Quem tem vergonha...

Cresci ouvindo a minha mãe dizer: quem tem vergonha, não mete vergonha a ninguém. São várias as situações em que, querendo ou não querendo, me envolvo e lembro desse ensinamento. Algumas delas passam quase despercebidas, em que as pessoas envolvidas são em pequeno número e só alguém mais atento observa. Já outras acontecem em público, e não há como passar em branco o ato descortês.

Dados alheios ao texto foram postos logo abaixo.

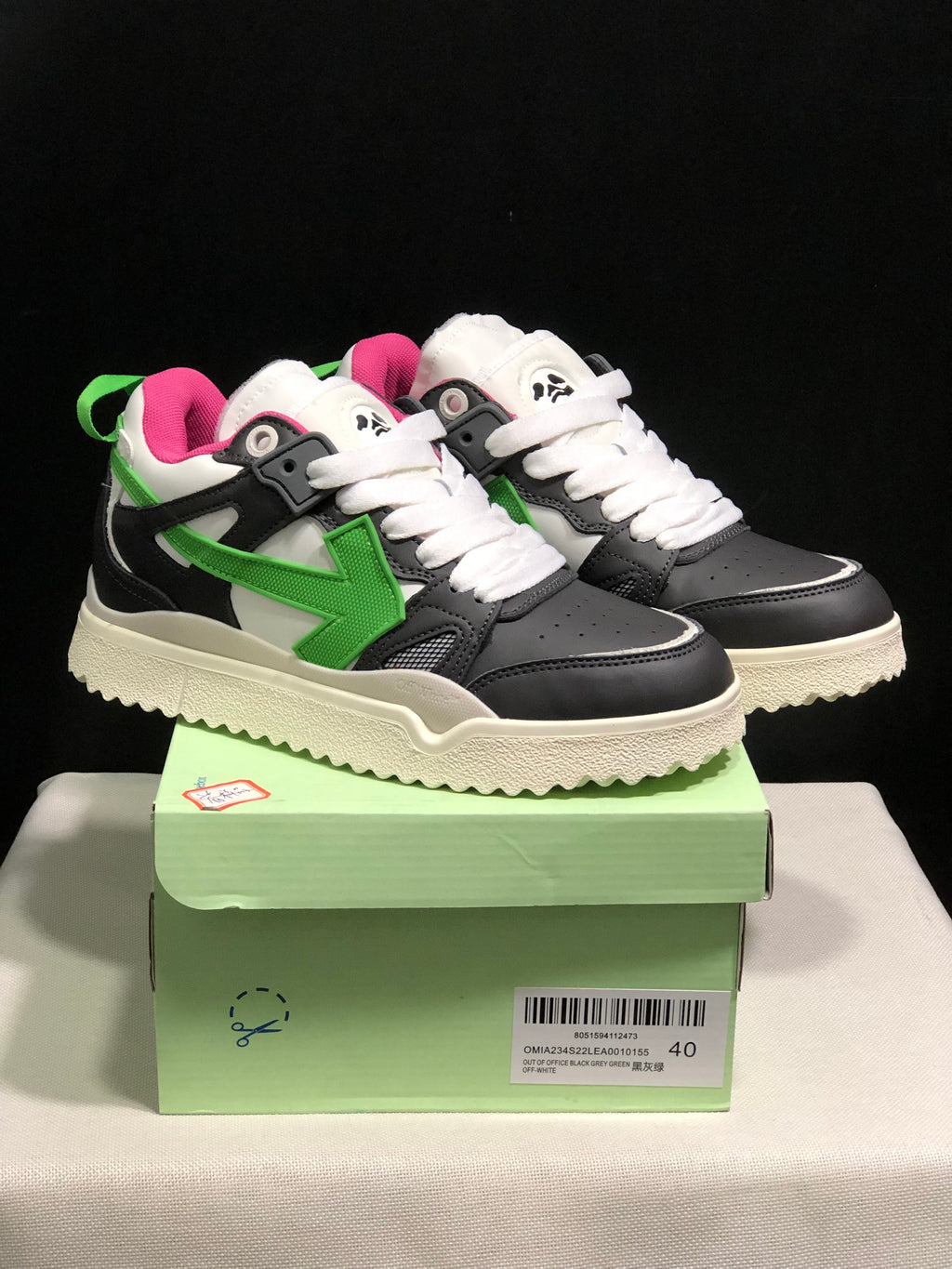 Off-White Out Of Office Sneakers Black Grey Green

Desde que o celular se incorporou à vida das pessoas, o seu uso tem protagonizado várias situações delicadas (ou indelicadas). Em eventos públicos é comum os mestres de cerimônia recomendarem que os desliguem ou, pelo menos, os coloquem no modo silencioso. O que não quer dizer que todos atendam à solicitação, ocorrendo vez por outra, um toque num desavisado celular. Trata-se de uma descortesia com os demais presentes? Claro que sim! Isso incomoda, já que desvia a atenção das pessoas, que acabam se desconcentrando. É, portanto, um gesto de má educação. A questão é: o fato da pessoa ter sido deselegante, não desligando o seu aparelho, autoriza o palestrante a ser também descortês com ela, chamando a sua atenção em público? Ou seja, expondo a sua má educação perante todos?

Exemplificando: participava de uma palestra com um desses nomes nacionais, e de repente tocou o celular de uma pessoa. Na verdade não se ouviu o toque, pois o aparelho estava no modo de vibração. Mas ela atendeu e começou a falar. Por estar bem próximo ao expositor, a sua fala começou a incomodá-lo, ao ponto dele se dirigir a ela e dizer, rispidamente: - “A senhora está me atrapalhando, pare com isso”! É claro que ela não estava certa agindo assim, todos reconheciam. Mas o fato de ter sido tratada daquela maneira colocou a platéia do seu lado, tomando as suas dores. E o que estava previsto para ser uma grande palestra acabou perdendo o brilho por um gesto, também mal educado, em resposta a quem não estava agindo com boas maneiras. Custava nada ele, numa tirada de humor, ter resolvido aquela situação? Ou mesmo parado por um instante enquanto ela concluía a sua conversa, e aí perceber a sua desatenção com todos? Formas várias poderiam ser sugeridas, em vez daquela em que um comportamento inadequado se transformou em outro, na mesma direção.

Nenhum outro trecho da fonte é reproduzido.